3. Randy Liepa, superintendent of the Wayne County Regional Educational Service agency, discusses the findings of a new study aimed at examining the true cost of educating children  Jan. 17 at the John W. English Administrative Center in Southfield.

3. Randy Liepa, superintendent of the Wayne County Regional Educational Service agency, discusses the findings of a new study aimed at examining the true cost of educating children Jan. 17 at the John W. English Administrative Center in Southfield.

Photo by Kayla Dimick


Group releases results of school financing study

By: Kayla Dimick | Southfield Sun | Published January 23, 2018

SOUTHFIELD — How much does it cost to send a child to school? 

Over the past year, the School Finance Research Collaborative — a group made up of local educational professionals and business leaders to re-examine the state’s approach to funding schools — has been researching the answer to that question. 

The collaborative has been overseeing a school adequacy study that examined how much funding schools need and where the funding should be allocated. 

On Jan. 17, the collaborative released the findings of the study at a press conference at the John W. English Administrative Center in Southfield. 

Wanda Cook-Robinson, Oakland Schools superintendent, was on hand to discuss the findings of the study. 

Members of the collaborative come from many different backgrounds, Cook-Robinson said, but they are united under one goal. 

“Our business leaders and education experts are from all corners of the state. That includes the Upper Peninsula, lower southeastern Michigan, the west side of the state and the Thumb (region) — and we all came together in November 2016,” Cook-Robinson said. “We come from a variety of backgrounds, but we all agree it’s time to change the way we fund Michigan schools. With that in mind, we proudly supported Michigan’s first comprehensive adequacy study that answers this question: What does it cost to educate a child attending school in the state of Michigan?”

The study was recently completed by two school finance firms: Augenblick, Palaich and Associates; and Picus, Odden and Associates, Cook-Robinson said, and both firms have over 100 years of experience between them. APA has conducted 30 similar studies across the country. 

“Our research went directly to those on the front line — teachers, principals, special education directors, a few superintendents and others — so that we could gain that information from those who serve our children on a daily basis,” she said. 

Nearly 300 educators lent their expertise to the collaborative, Cook-Robinson said, by serving on panels focusing on all grade levels, as well as preschool, special education, English language learners, poverty, and career and technical education. 

“This study is the first of its kind to have a panel on charter schools, and to examine districts of varying sizes and districts that may be geographically isolated,” Cook-Robinson said. 

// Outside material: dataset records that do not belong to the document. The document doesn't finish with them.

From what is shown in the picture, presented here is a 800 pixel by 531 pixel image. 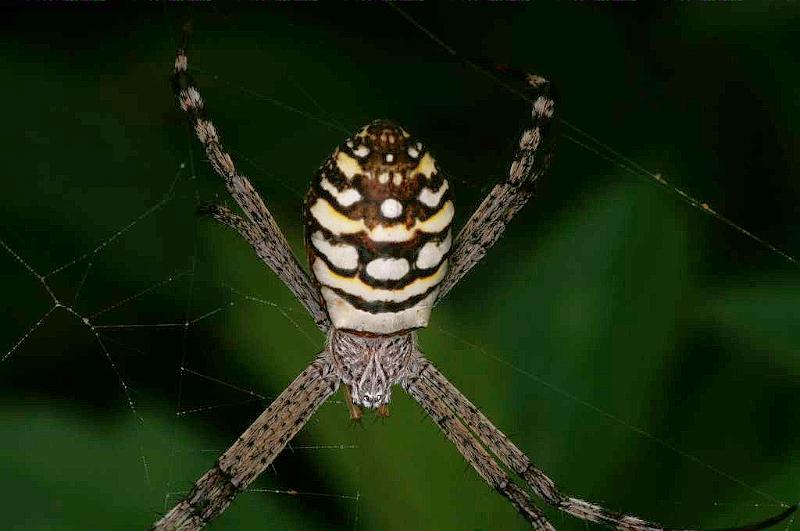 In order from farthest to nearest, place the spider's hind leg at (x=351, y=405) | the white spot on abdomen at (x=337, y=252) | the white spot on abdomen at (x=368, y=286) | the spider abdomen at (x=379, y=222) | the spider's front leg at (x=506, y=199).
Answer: the spider's hind leg at (x=351, y=405), the spider's front leg at (x=506, y=199), the white spot on abdomen at (x=368, y=286), the white spot on abdomen at (x=337, y=252), the spider abdomen at (x=379, y=222)

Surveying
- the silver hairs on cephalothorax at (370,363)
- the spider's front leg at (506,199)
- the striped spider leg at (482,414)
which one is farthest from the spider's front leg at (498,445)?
the spider's front leg at (506,199)

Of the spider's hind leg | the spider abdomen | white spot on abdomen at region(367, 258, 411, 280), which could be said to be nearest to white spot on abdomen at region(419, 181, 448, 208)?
the spider abdomen

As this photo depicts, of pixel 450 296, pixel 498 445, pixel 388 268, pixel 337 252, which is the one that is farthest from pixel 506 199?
pixel 498 445

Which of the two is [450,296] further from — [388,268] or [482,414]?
[388,268]

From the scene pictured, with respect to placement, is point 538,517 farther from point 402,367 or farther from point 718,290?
point 718,290

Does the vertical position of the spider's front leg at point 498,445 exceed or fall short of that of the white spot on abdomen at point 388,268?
it falls short

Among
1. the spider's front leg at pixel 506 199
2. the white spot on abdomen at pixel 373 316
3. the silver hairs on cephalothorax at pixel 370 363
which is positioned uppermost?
the spider's front leg at pixel 506 199

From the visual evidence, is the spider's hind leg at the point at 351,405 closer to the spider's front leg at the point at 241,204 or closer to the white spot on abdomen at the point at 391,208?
the spider's front leg at the point at 241,204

The report includes the following key findings, officials said:

• The base per-pupil cost to educate a regular education K-12 student in Michigan is $9,590, which does not include transportation, food service or capital costs, and only includes pension costs at 4.6 percent of wages.

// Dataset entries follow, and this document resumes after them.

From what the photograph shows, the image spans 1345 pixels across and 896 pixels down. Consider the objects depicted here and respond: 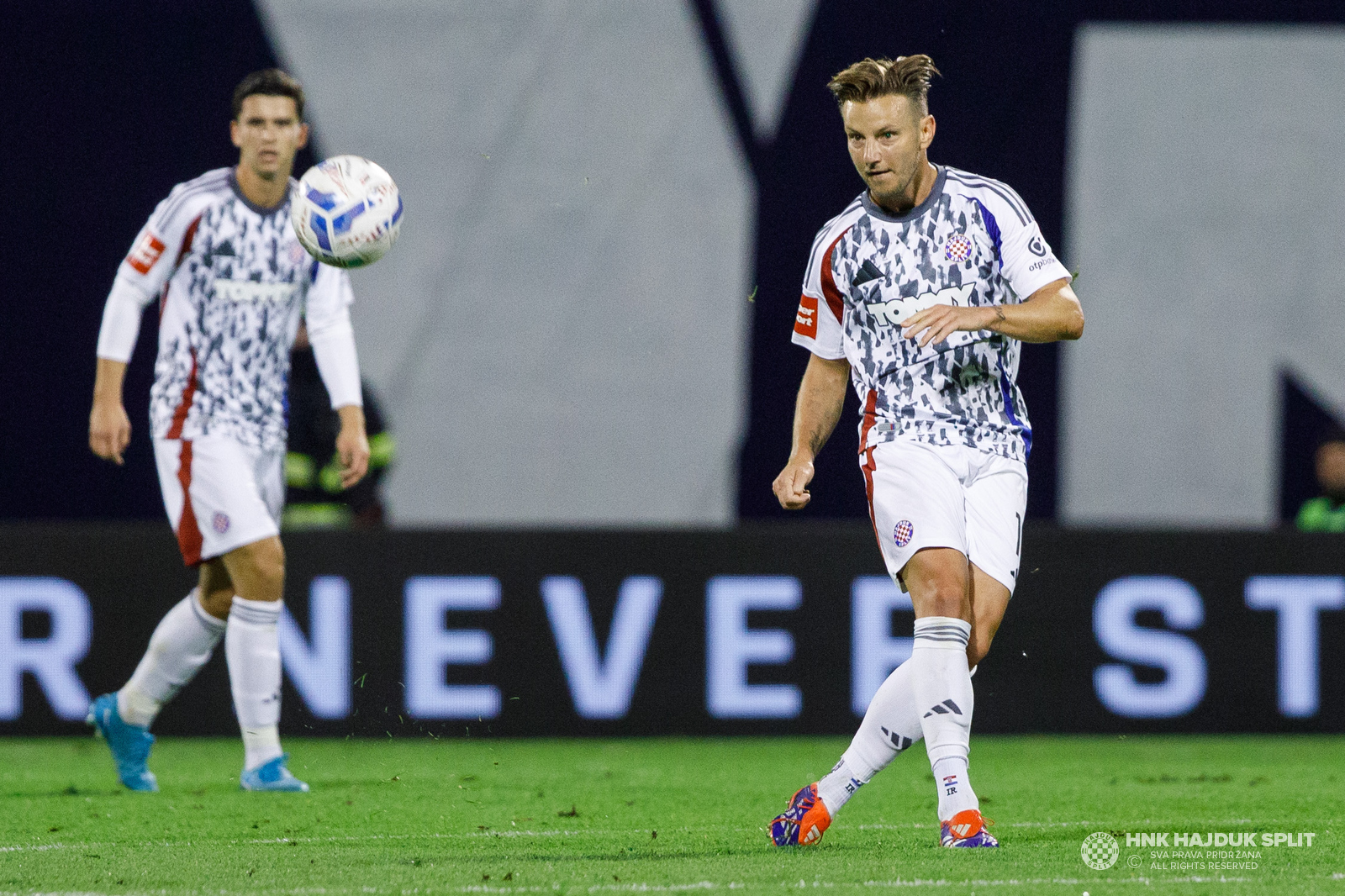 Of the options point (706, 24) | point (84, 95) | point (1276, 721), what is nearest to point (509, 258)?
point (706, 24)

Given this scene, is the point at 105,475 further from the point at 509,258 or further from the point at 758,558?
the point at 758,558

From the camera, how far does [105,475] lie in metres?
9.61

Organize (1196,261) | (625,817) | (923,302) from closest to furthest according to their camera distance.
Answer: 1. (923,302)
2. (625,817)
3. (1196,261)

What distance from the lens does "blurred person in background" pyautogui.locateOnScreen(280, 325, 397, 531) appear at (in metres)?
9.48

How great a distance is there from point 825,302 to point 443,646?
11.3 ft

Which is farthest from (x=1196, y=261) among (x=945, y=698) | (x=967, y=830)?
(x=967, y=830)

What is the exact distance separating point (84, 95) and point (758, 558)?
4353 millimetres

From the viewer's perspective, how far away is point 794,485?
15.3 ft

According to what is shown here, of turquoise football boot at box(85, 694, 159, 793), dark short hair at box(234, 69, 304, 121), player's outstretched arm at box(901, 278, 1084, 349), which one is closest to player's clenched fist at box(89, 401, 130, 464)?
turquoise football boot at box(85, 694, 159, 793)

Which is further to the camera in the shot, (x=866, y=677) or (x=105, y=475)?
(x=105, y=475)

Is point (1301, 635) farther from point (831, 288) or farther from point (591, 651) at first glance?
point (831, 288)

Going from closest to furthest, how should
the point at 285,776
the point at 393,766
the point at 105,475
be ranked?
the point at 285,776 < the point at 393,766 < the point at 105,475

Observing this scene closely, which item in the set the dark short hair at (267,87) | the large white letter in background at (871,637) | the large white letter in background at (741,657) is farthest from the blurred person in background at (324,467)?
the dark short hair at (267,87)

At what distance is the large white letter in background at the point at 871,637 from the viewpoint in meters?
7.87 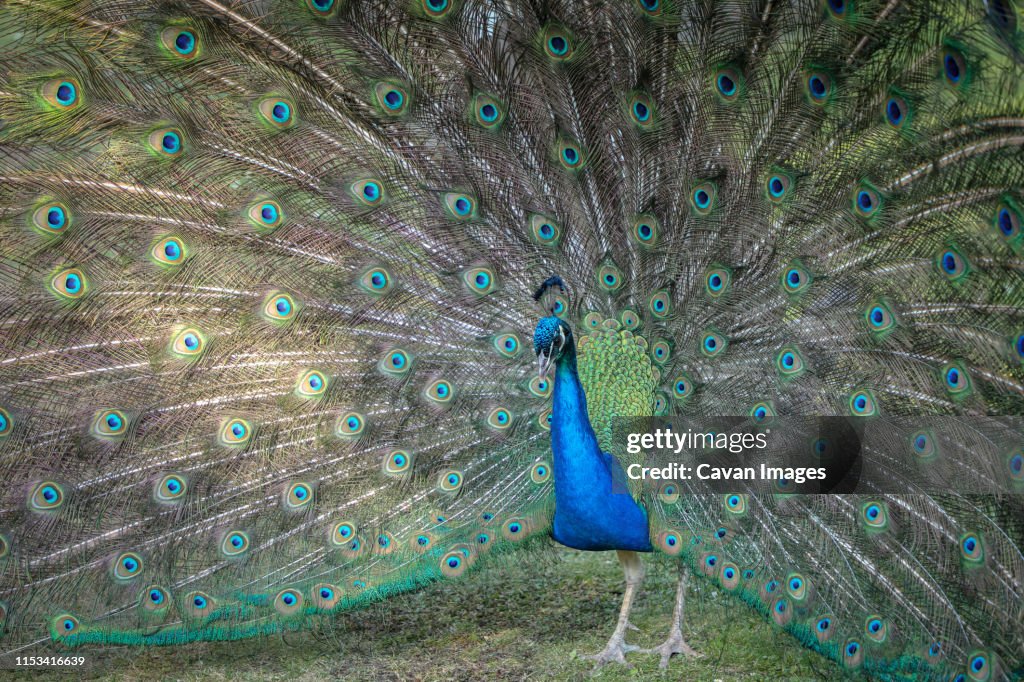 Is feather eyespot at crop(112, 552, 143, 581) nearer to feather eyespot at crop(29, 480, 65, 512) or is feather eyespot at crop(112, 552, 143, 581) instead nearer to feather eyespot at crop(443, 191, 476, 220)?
feather eyespot at crop(29, 480, 65, 512)

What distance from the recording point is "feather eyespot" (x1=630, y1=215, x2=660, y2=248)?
12.6ft

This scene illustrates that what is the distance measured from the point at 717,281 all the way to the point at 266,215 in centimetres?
197

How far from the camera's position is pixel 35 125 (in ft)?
11.4

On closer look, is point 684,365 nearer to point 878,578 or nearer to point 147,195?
point 878,578

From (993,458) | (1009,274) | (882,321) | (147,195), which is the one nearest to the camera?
(1009,274)

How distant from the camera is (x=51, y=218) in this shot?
11.8 ft

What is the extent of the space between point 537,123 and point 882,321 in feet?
5.41

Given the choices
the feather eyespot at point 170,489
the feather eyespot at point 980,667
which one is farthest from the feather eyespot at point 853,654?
the feather eyespot at point 170,489

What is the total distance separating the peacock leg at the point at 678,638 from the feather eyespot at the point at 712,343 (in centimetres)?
105

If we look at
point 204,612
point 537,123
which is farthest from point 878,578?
point 204,612

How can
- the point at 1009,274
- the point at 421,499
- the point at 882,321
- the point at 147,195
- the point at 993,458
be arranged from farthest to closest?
the point at 421,499, the point at 147,195, the point at 882,321, the point at 993,458, the point at 1009,274

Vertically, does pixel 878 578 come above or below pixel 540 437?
below

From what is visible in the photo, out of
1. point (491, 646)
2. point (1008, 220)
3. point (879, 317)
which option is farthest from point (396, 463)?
point (1008, 220)

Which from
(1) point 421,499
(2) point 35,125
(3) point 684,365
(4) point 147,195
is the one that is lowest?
(1) point 421,499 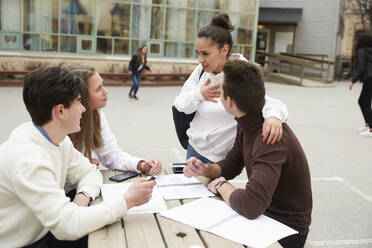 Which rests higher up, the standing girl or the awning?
the awning

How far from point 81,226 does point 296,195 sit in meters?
1.23

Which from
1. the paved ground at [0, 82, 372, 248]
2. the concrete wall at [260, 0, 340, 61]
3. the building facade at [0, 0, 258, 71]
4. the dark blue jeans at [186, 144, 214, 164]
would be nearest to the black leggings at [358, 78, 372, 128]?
the paved ground at [0, 82, 372, 248]

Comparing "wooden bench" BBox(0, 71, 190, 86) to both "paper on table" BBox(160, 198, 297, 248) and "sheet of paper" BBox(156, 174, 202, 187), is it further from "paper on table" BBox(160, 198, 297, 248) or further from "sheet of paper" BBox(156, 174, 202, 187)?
"paper on table" BBox(160, 198, 297, 248)

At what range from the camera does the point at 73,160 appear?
2.50 meters

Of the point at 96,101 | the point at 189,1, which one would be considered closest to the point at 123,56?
the point at 189,1

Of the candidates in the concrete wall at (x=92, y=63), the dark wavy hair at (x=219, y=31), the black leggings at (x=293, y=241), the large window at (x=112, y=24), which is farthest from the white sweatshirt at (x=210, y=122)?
the large window at (x=112, y=24)

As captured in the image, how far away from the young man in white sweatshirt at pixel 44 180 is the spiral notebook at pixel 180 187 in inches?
14.6

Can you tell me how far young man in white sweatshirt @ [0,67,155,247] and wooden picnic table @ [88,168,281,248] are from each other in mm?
62

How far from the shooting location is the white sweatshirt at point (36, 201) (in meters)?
1.85

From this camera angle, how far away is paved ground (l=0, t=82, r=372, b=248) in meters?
4.42

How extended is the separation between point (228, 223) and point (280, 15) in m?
25.8

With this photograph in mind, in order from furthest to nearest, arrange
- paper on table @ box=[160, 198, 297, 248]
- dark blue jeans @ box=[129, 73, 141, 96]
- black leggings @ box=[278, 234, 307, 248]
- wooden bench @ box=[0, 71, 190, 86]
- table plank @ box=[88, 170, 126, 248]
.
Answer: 1. wooden bench @ box=[0, 71, 190, 86]
2. dark blue jeans @ box=[129, 73, 141, 96]
3. black leggings @ box=[278, 234, 307, 248]
4. paper on table @ box=[160, 198, 297, 248]
5. table plank @ box=[88, 170, 126, 248]

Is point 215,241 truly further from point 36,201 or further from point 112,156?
point 112,156

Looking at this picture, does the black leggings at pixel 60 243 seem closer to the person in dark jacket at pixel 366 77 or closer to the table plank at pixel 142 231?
the table plank at pixel 142 231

• Charter and traditional public schools should be funded equally.

• It costs $14,155 annually to educate a preschool student age 3 or 4.

• In addition to the base per-pupil cost, a percentage of the base cost should be provided for special education, English language learners, students living in poverty, and programs to provide career and technical education.

• Transportation costs should be funded at $973 per rider until further study can be carried out.

• Because Michigan’s school district sizes vary widely and small districts lack economies of scale, district size must be taken into account, with funding increases provided for all districts under 7,500 students.

Randy Liepa, superintendent of the Wayne County Regional Educational Service Agency, said local policymakers should use the study to reform Michigan’s school system. 

“It’s not about just taking dollars and cents and figuring out how much people are spending — it’s really saying what should school look like and how much does that cost?” Liepa said. “That’s exactly what they did with this particular study.”

The full report can be found at fundMIschools.org. 

“(The study gives) policymakers clear direction on how much it costs to educate a child and how best to reform Michigan’s broken school funding system,” Bob Moore, school finance research project director, said in a written statement. 

Cook-Robinson said $100,000 for the study was provided by the W.K. Kellogg Foundation to the Oakland Schools Education Foundation. Around $750,000 was raised by a combination of state, federal and local sources. 

Officials said additional research will be needed in several areas, such as a full-capacity study to examine district costs; a review of literate and illiterate poverty and the concentration of poverty by district; and a full transportation cost study.